- What needs to be done
Set down the lines below, exactly, starting at the one that contains "Orbit Step Light Housing Jc 12V 7100H" and stopping at the last line, inclusive. Omit pictures.

** Dataset excerpt follows **

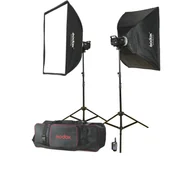 Inne akcesoria studyjne - Zestaw studyjny GODOX Godox MS300-F Studio-Kit studio flash unit kit 2 x 300Ws - miniaturka - grafika 1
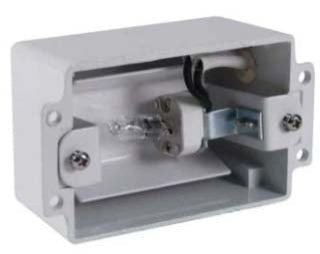 Orbit Step Light Housing Jc 12V 7100H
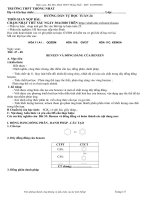 Bài tập trắc nghiệm về hidrocacbon thơm môn hóa học lóp 11 trường thpt thống nhất | Lớp 11, Hóa học - Ôn Luyện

** End of Dataset excerpt **

- Exercise solution
 Orbit Step Light Housing Jc 12V 7100H
 Bài tập trắc nghiệm về hidrocacbon thơm môn hóa học lóp 11 trường thpt thống nhất | Lớp 11, Hóa học - Ôn Luyện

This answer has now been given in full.